A: By definition of conditional probability $$P(X \leq 2 | X \leq 6) = \frac{P(X \leq 2 \cap X \leq 6)}{P(X \leq 6)}$$
But $P(X \leq 2 \cap X \leq 6) = P(X \leq 2)$ since the set of events such that $X \leq 2$ is a subset of the set of events such that $X \leq 6$.
Therefore $$P(X \leq 2 | X \leq 6) = \frac{P(X \leq 2)}{P(X \leq 6)}$$
Overall this has the effect of increasing the probability that at most 2 customers order tea (compared to the unconditional case) since there are now only 6 customers rather than 10 who could potentially order tea. Intuitively, dividing by $P(X \leq 6) < 1$ scales this probability up by the appropriate factor.

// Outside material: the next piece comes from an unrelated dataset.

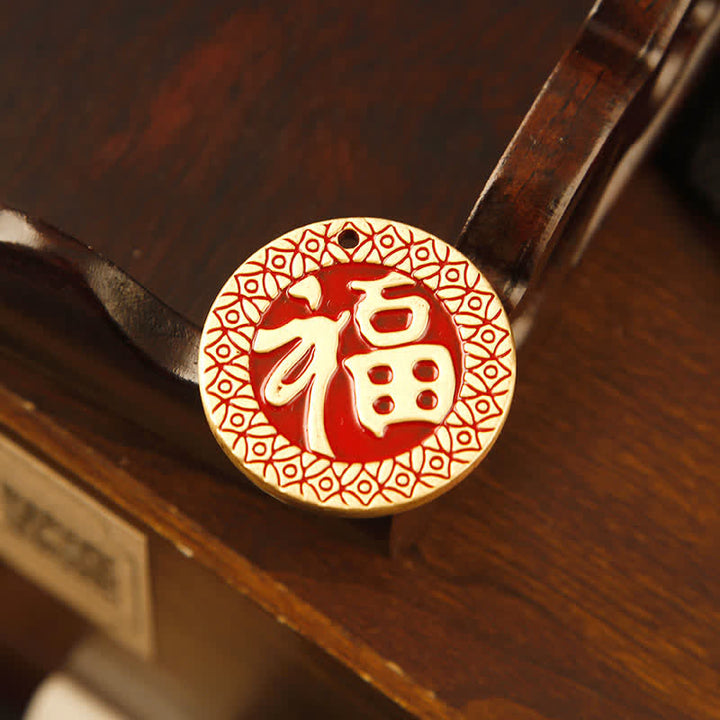 Buddha Stones Brass Hand-Woven Red String Fu Character Blessing Tassel Keychains - image 11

A: From the fact that there are at most 6 customers (in the same sample of 10) that order tea, you are now sure that 4 out of 10 customers order coffee. Therefore, you will have a new random sample of 6 customers instead of 10.
The new probability mass function is then
$$P(X' = k) = \pmatrix{6\\k} (0.4)^k (1-0.4)^{6-k}.$$
A: You have correctly identified this as a binomial distribution.

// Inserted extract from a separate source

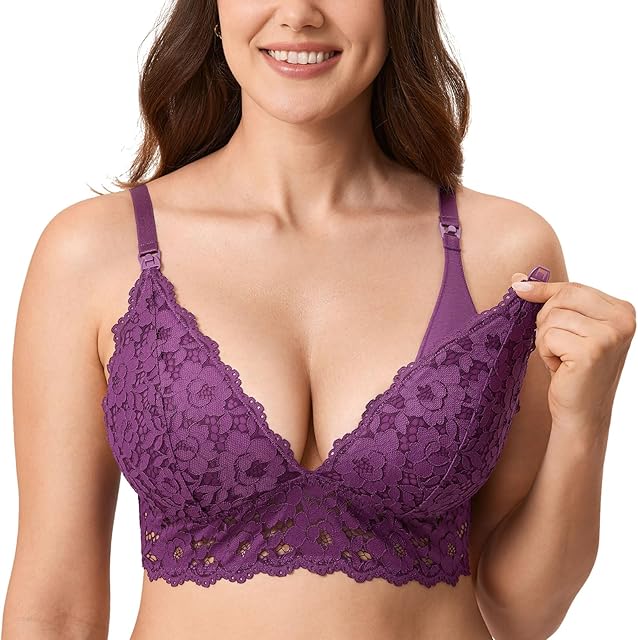 Women's Lace Nursing Bra Wirefree Padded Breastfeeding Maternity Bralette Cute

You have correctly calculated the unconditional probability $\mathsf P(X\leq 2) =\sum_{k=0}^2 {10\choose k}0.4^k0.6^{10-k}$
For the conditional probability, just apply the definition.
$\begin{align}
\mathsf P(X\leq 2 \mid X\leq 6)
 & = \dfrac{ \mathsf P(X\leq 2\cap X\leq 6)}{\mathsf P(X\leq 6)}
\\[1ex]
 & = \dfrac{\mathsf P(X\leq 2)}{1- \mathsf P(X> 6)}
\\[1ex]
 & = \dfrac{\sum_{k=0}^2 {10\choose k} 0.4^k 0.6^{10-k}}{1-\sum_{k=7}^{10} {10\choose k} 0.4^k 0.6^{10-k}}
\\[2ex]
& \vdots
\end{align}$
Remark  In the second step, note that if a number is both at most 2 and at most 6, it is simply at most 2.